Abstract
The foramen ovale, an atrial septal defect, which is essential in the fetal circulation, remains patent through adulthood in approximately 25% of the general population and therefore it represents the most common persistent abnormality of fetal origin. Patent foramen ovale (PFO) allows interatrial right-to-left blood shunting during those periods of the cardiac cycle in which the right atrial pressure exceeds the left one. An increasing number of pathological manifestations of PFO has been recently identified; among these, paradoxical systemic embolism, refractory hypoxemia in patients with right ventricular myocardium infarction or severe pulmonary disease, orthostatic oxygen desaturation in the rare platypnea-orthodeoxia syndrome, neurological decompression illness in divers, high altitude pilots and astronauts, and finally, migraine headache with aura. Nowadays, many techniques allow to detect a PFO. In this study, we investigated each of them, assessing their potential diagnostic role even in comparison with the main features of the other methods.

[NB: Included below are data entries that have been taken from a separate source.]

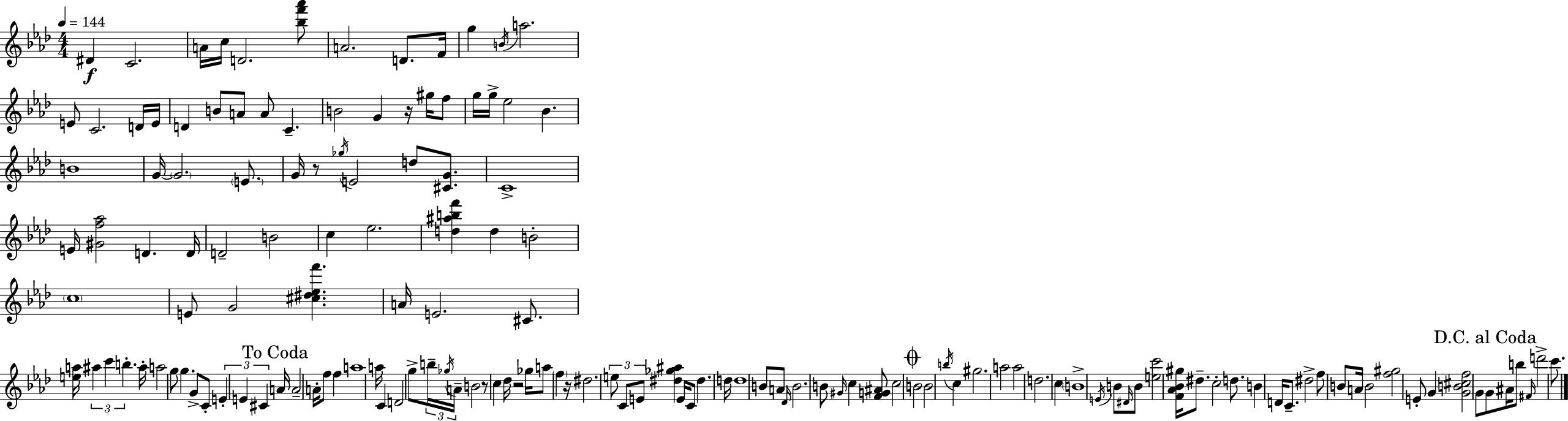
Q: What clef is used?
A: treble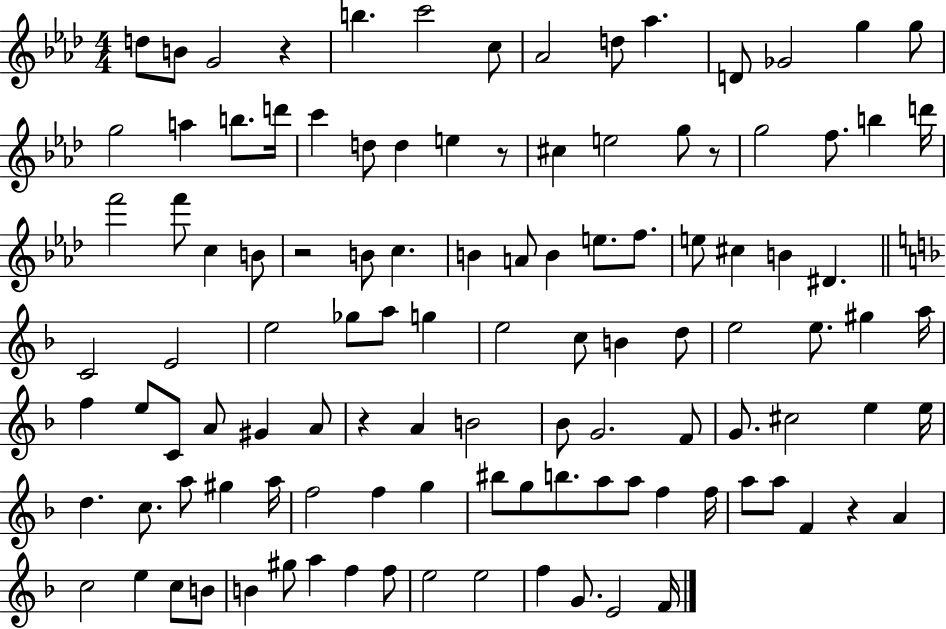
D5/e B4/e G4/h R/q B5/q. C6/h C5/e Ab4/h D5/e Ab5/q. D4/e Gb4/h G5/q G5/e G5/h A5/q B5/e. D6/s C6/q D5/e D5/q E5/q R/e C#5/q E5/h G5/e R/e G5/h F5/e. B5/q D6/s F6/h F6/e C5/q B4/e R/h B4/e C5/q. B4/q A4/e B4/q E5/e. F5/e. E5/e C#5/q B4/q D#4/q. C4/h E4/h E5/h Gb5/e A5/e G5/q E5/h C5/e B4/q D5/e E5/h E5/e. G#5/q A5/s F5/q E5/e C4/e A4/e G#4/q A4/e R/q A4/q B4/h Bb4/e G4/h. F4/e G4/e. C#5/h E5/q E5/s D5/q. C5/e. A5/e G#5/q A5/s F5/h F5/q G5/q BIS5/e G5/e B5/e. A5/e A5/e F5/q F5/s A5/e A5/e F4/q R/q A4/q C5/h E5/q C5/e B4/e B4/q G#5/e A5/q F5/q F5/e E5/h E5/h F5/q G4/e. E4/h F4/s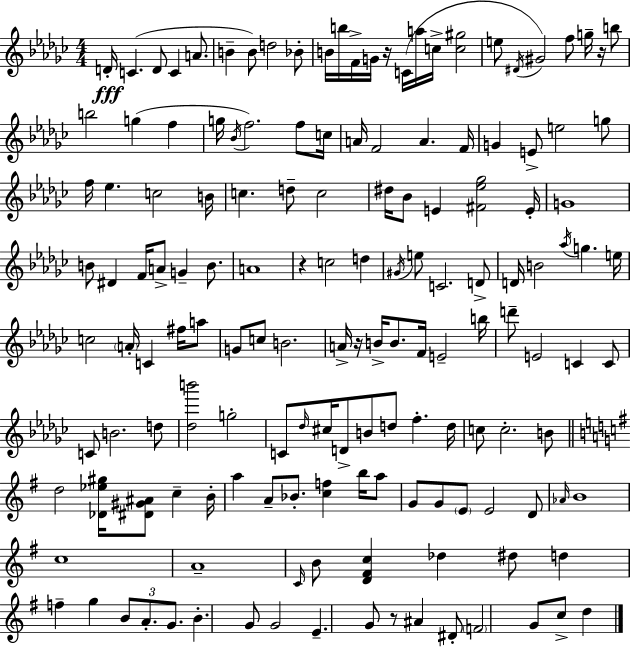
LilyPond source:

{
  \clef treble
  \numericTimeSignature
  \time 4/4
  \key ees \minor
  d'16-.\fff c'4.( d'8 c'4 a'8. | b'4-- b'8) d''2 bes'8-. | b'16 b''16 f'16-> g'16 r16 c'16( a''16 c''16-> <c'' gis''>2 | e''8 \acciaccatura { dis'16 }) gis'2 f''8 g''16-- r16 b''8 | \break b''2 g''4( f''4 | g''16 \acciaccatura { bes'16 } f''2.) f''8 | c''16 a'16 f'2 a'4. | f'16 g'4 e'8-> e''2 | \break g''8 f''16 ees''4. c''2 | b'16 c''4. d''8-- c''2 | dis''16 bes'8 e'4 <fis' ees'' ges''>2 | e'16-. g'1 | \break b'8 dis'4 f'16 a'8-> g'4-- b'8. | a'1 | r4 c''2 d''4 | \acciaccatura { gis'16 } e''8 c'2. | \break d'8-> d'16 b'2 \acciaccatura { aes''16 } g''4. | e''16 c''2 \parenthesize a'16-. c'4 | fis''16 a''8 g'8 c''8 b'2. | a'16-> r16 b'16-> b'8. f'16 e'2-- | \break b''16 d'''8-- e'2 c'4 | c'8 c'8 b'2. | d''8 <des'' b'''>2 g''2-. | c'8 \grace { des''16 } cis''16 d'8-> b'8 d''8 f''4.-. | \break d''16 c''8 c''2.-. | b'8 \bar "||" \break \key e \minor d''2 <des' ees'' gis''>16 <dis' gis' ais'>8 c''4-- b'16-. | a''4 a'8-- bes'8.-. <c'' f''>4 b''16 a''8 | g'8 g'8 \parenthesize e'8 e'2 d'8 | \grace { aes'16 } b'1 | \break c''1 | a'1-- | \grace { c'16 } b'8 <d' fis' c''>4 des''4 dis''8 d''4 | f''4-- g''4 \tuplet 3/2 { b'8 a'8.-. g'8. } | \break b'4.-. g'8 g'2 | e'4.-- g'8 r8 ais'4 | dis'8-. \parenthesize f'2 g'8 c''8-> d''4 | \bar "|."
}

Keywords: Patent foramen ovale, diagnostic methods, three dimensional echocardiography, Thromboembolic Complications, atrial septal defect, fetal circulation, cardiac cycle, refractory hypoxemia, ventricular myocardium, paradoxical systemic embolism, pulmonary disease, orthostatic oxygen desatura-tion, platypnea-orthodeoxia syndrome, migraine headache, interatrial fetal septa, septum primum, septum secundum, cryptoge-netic, orthostatic oxygen, dyspnea, cryptogenetic strokes, interatrial septum aneurism, cryp-togenetic ictus, microischemia, TRANSTHORACIC ECHOCARDIOGRAPHY, doppler ve-locimetric method, TRANSCRANIC ULTRASONOGRAPHY, transesophageal ecocardiography's one, Valsalva maneuver, CONTRAST ECHOCARDIOGRAPHY, COMPUTED TOMOGRAPHY (TC), NUCLEAR MAGNETIC RESONANCE (NMR)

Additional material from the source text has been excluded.